About this task
Please take the records that follow and repeat exactly the lines starting with the line with "Hoffmann Speedster veröffentlicht" and going on through the line with "Gebrauchtmotorrad Yamaha MT-01 - Bild 17".

Extracted records
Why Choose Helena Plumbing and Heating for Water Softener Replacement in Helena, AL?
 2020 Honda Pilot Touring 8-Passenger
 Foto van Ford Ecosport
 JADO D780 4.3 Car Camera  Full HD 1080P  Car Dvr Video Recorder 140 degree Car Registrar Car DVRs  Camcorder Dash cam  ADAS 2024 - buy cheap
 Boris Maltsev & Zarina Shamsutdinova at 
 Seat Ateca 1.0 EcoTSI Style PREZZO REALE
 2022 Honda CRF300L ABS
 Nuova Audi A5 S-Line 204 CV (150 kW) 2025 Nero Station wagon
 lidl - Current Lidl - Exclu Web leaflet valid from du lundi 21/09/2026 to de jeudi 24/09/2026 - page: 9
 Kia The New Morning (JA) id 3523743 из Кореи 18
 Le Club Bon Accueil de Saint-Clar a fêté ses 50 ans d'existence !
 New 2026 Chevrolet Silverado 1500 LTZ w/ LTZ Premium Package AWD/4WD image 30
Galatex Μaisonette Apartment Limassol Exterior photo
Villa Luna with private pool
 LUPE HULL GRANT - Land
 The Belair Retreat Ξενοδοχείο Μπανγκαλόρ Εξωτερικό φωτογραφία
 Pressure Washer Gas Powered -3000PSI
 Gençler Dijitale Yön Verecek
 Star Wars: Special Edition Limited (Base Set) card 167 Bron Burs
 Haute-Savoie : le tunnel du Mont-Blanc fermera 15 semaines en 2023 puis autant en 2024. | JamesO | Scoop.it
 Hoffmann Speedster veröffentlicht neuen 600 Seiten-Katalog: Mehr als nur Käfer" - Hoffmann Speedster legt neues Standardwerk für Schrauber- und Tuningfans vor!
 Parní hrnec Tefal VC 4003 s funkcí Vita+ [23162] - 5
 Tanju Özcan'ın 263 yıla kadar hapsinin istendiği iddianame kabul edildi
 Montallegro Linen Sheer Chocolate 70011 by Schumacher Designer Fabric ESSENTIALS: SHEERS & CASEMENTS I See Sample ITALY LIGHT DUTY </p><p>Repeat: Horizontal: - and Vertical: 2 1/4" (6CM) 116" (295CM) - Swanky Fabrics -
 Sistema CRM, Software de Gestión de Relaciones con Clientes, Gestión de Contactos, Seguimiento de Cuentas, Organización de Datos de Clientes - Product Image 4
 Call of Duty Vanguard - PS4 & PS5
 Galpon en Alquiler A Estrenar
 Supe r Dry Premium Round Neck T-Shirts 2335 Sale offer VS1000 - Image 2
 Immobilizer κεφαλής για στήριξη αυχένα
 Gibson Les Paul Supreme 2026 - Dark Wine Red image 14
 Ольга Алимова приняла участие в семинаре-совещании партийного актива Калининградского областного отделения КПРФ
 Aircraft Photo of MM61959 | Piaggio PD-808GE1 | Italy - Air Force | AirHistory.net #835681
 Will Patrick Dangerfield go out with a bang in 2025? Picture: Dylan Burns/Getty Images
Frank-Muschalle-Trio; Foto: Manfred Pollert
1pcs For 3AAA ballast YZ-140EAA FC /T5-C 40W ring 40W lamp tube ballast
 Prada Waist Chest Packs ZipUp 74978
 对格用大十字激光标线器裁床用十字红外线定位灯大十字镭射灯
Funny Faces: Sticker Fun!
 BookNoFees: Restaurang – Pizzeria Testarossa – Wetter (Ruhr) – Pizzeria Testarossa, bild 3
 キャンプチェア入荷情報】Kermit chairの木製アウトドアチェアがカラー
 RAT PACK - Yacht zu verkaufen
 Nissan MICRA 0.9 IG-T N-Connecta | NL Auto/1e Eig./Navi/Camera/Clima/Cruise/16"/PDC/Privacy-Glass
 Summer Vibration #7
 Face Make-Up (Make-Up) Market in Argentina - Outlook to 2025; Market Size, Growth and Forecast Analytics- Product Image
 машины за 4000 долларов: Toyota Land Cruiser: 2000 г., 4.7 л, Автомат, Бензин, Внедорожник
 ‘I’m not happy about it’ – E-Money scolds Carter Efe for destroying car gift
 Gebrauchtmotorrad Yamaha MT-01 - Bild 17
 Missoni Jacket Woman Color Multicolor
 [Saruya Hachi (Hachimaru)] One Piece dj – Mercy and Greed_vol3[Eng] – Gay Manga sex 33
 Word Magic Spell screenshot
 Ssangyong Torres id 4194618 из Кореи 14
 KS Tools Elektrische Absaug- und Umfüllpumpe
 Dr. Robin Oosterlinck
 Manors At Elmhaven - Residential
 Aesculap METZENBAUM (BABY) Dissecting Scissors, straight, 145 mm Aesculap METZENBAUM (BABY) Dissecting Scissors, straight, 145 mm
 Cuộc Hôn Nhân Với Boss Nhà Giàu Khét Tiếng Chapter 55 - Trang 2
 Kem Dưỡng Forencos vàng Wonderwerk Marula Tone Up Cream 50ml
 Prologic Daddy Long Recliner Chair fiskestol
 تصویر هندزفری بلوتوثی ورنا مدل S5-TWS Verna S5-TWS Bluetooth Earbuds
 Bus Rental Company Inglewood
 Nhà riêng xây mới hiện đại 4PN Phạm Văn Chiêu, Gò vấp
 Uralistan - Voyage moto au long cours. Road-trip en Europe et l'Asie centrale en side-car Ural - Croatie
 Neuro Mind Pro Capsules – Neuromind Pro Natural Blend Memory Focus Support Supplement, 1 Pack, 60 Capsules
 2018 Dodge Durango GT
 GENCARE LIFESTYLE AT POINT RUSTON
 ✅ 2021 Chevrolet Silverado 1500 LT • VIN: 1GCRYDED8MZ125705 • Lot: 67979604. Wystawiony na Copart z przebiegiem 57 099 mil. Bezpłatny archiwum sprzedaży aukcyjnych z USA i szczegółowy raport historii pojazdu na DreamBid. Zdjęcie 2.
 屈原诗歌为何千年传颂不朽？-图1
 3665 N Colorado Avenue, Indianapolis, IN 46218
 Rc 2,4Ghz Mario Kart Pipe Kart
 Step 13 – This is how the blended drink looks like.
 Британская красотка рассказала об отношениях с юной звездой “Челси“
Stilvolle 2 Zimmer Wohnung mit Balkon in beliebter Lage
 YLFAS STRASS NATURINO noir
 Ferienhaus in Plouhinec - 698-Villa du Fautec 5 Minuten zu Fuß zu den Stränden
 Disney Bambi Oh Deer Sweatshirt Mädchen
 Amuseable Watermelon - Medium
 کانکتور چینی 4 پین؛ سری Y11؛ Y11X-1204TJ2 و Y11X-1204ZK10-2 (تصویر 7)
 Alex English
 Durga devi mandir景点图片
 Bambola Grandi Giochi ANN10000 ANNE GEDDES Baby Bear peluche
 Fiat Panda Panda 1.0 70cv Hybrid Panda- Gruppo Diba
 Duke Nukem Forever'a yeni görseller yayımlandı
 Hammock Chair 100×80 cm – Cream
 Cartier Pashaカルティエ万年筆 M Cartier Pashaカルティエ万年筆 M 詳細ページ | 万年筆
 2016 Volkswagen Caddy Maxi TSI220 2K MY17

Response to the exercise
 Hoffmann Speedster veröffentlicht neuen 600 Seiten-Katalog: Mehr als nur Käfer" - Hoffmann Speedster legt neues Standardwerk für Schrauber- und Tuningfans vor!
 Parní hrnec Tefal VC 4003 s funkcí Vita+ [23162] - 5
 Tanju Özcan'ın 263 yıla kadar hapsinin istendiği iddianame kabul edildi
 Montallegro Linen Sheer Chocolate 70011 by Schumacher Designer Fabric ESSENTIALS: SHEERS & CASEMENTS I See Sample ITALY LIGHT DUTY </p><p>Repeat: Horizontal: - and Vertical: 2 1/4" (6CM) 116" (295CM) - Swanky Fabrics -
 Sistema CRM, Software de Gestión de Relaciones con Clientes, Gestión de Contactos, Seguimiento de Cuentas, Organización de Datos de Clientes - Product Image 4
 Call of Duty Vanguard - PS4 & PS5
 Galpon en Alquiler A Estrenar
 Supe r Dry Premium Round Neck T-Shirts 2335 Sale offer VS1000 - Image 2
 Immobilizer κεφαλής για στήριξη αυχένα
 Gibson Les Paul Supreme 2026 - Dark Wine Red image 14
 Ольга Алимова приняла участие в семинаре-совещании партийного актива Калининградского областного отделения КПРФ
 Aircraft Photo of MM61959 | Piaggio PD-808GE1 | Italy - Air Force | AirHistory.net #835681
 Will Patrick Dangerfield go out with a bang in 2025? Picture: Dylan Burns/Getty Images
Frank-Muschalle-Trio; Foto: Manfred Pollert
1pcs For 3AAA ballast YZ-140EAA FC /T5-C 40W ring 40W lamp tube ballast
 Prada Waist Chest Packs ZipUp 74978
 对格用大十字激光标线器裁床用十字红外线定位灯大十字镭射灯
Funny Faces: Sticker Fun!
 BookNoFees: Restaurang – Pizzeria Testarossa – Wetter (Ruhr) – Pizzeria Testarossa, bild 3
 キャンプチェア入荷情報】Kermit chairの木製アウトドアチェアがカラー
 RAT PACK - Yacht zu verkaufen
 Nissan MICRA 0.9 IG-T N-Connecta | NL Auto/1e Eig./Navi/Camera/Clima/Cruise/16"/PDC/Privacy-Glass
 Summer Vibration #7
 Face Make-Up (Make-Up) Market in Argentina - Outlook to 2025; Market Size, Growth and Forecast Analytics- Product Image
 машины за 4000 долларов: Toyota Land Cruiser: 2000 г., 4.7 л, Автомат, Бензин, Внедорожник
 ‘I’m not happy about it’ – E-Money scolds Carter Efe for destroying car gift
 Gebrauchtmotorrad Yamaha MT-01 - Bild 17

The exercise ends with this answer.